Building with the Cloudflare Stack

Building with the Cloudflare Stack

Cloudflare is best known as a CDN / anti-DDoS provider, but is also best-in-class for their domain registrar and R2 (AWS S3-like blob storage but cheaper).
More recently though, they’ve truly been pumping out new offerings, and seem to have maintained great documentation, UX and price throughout. I’ve been intending to build a blog search engine, so I decided to build it with the Cloudflare stack to test it out. Here’s a doc of a plan using their stack + issues I ran into.
This is roughly the plan I was following:
  • A Cloudflare Worker (serverless runner ~= AWS Lambda) runs on a schedule, scraping various configured blogs. It writes .md files to Cloudflare R2, and adds rows to Cloudflare D1 Beta (SQL database). It uses cheerio and turndown to extract the right DOM elements and turn them into markdown.
  • Another Cloudflare Worker, running every minute, checks the Cloudflare D1 db for databases that haven’t yet been embedded. It then gets the text from R2, chunks them, embeds them using bge-*-en-v1.5 via Cloudflare Workers AI Beta (serverless AI offering ~= Replicate), and then puts them in Cloudflare Vectorize Beta (vector DB ~= Pinecone).
  • A search front-end served on Cloudflare Pages via Next.js offers a search box, and calls out to Workers AI to embed queries, searches for them in the Vectorize DB, and then reranks the original documents using Cohere Rerank (the only non-Cloudflare offering!)

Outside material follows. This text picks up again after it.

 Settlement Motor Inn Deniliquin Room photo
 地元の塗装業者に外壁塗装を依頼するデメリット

But, I ended up giving up on the Cloudflare mono-stack for this task because:
  • Vectorize limits topK to 20: A limit of 20 retrieved results just isn’t enough for this sort of task, where ideally the vector DB would return the top 100 (or more) chunk matches to be then reranked with Cohere.
    • This is a beta limitation that will be fixed in the future
  • Vectorize is slow: With a small test database of only 200 vectors, a single query vector and a target of 10 results, Vectorize took 400-700 ms for a 384-dim embedding, and 1000-1500 ms for a 1024-dim embedding.

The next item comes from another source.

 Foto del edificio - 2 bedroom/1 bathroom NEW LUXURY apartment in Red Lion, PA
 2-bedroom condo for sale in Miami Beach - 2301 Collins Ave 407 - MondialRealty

    • By comparison, Turbopuffer promises <100ms latency for warm vectors, and still a p90 of 300ms even for cold vectors. They note that most providers in this space promise 10-200ms.
  • Workers AI is slow (but maybe cloud embedding is bad): Workers AI seems to take 200-1200ms to return vectors for a single query.

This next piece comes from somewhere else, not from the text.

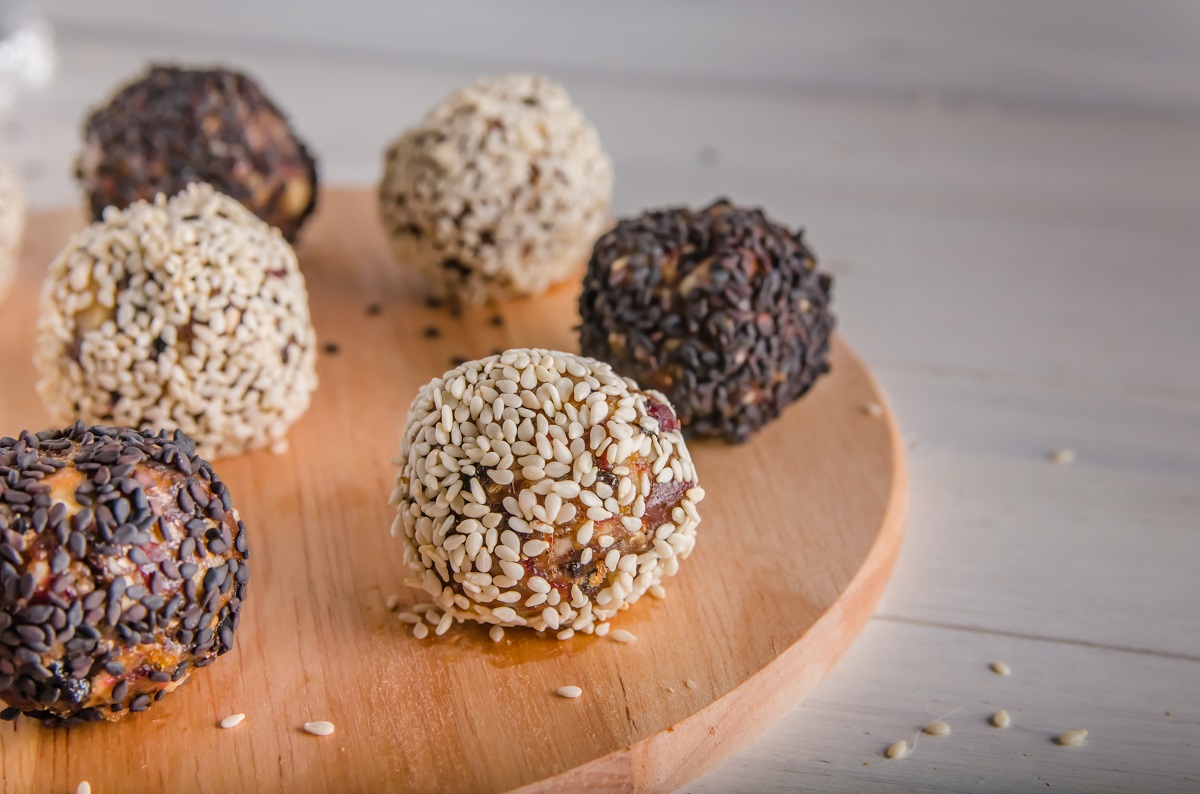 Vegetarian,Food,,Energy,Balls,Of,Walnuts,,Dates,,Prunes,,Cranberries,,Honey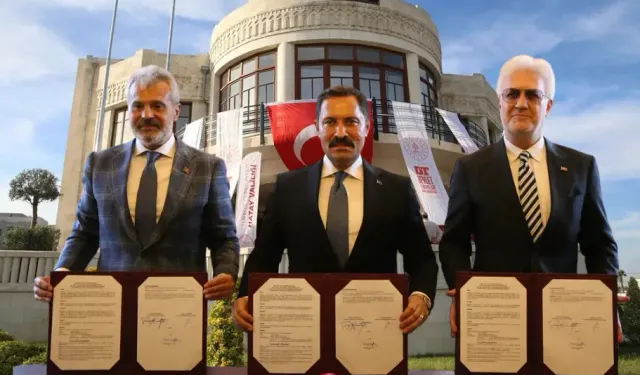 Hatay Tarihiyle Ayağa Kalkarak Sahne Alıyor!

    • By comparison, the same model takes 5ms via transformers.js on a local node.js instance.
    • Embedding is a cheap enough op that perhaps it should be run alongside your main server. Regardless, there is a failure of Workers AI to leverage that well.
    • Models also often seem to be cold taking ~1-4s to embed on the first try, which is very surprising given that CF offers only ~10 models.
Notably - all these above measurements were made from a Cloudflare Worker, so they should be providing optimistic estimates of network latency.
Other than the major blockers, there are also some schleps:
  • Workers AI is definitely beta: The docs are incompleta, and the errors it throws are unhelpful. Also, the batched API signature doesn’t seem to work at all. But it’s a beta.
  • The edge runtime is still immature: Several JS packages seem to still make some assumptions of node, or node || browser. I ran into this with turndown where the latest release didn’t work out of the box, but fortunately someone had an open PR with a fix.
  • Scraping needs a proxy: This isn’t really a Cloudflare-specific issue, just something that I didn’t see coming. Datacenter IPs are blocked by default by Cloudflare (lol) and using a conservative rate limit won’t help you.
As of the time of writing, I’ve stopped building this midway through to migrate stacks, so I don’t yet know how well Cloudflare Pages performs.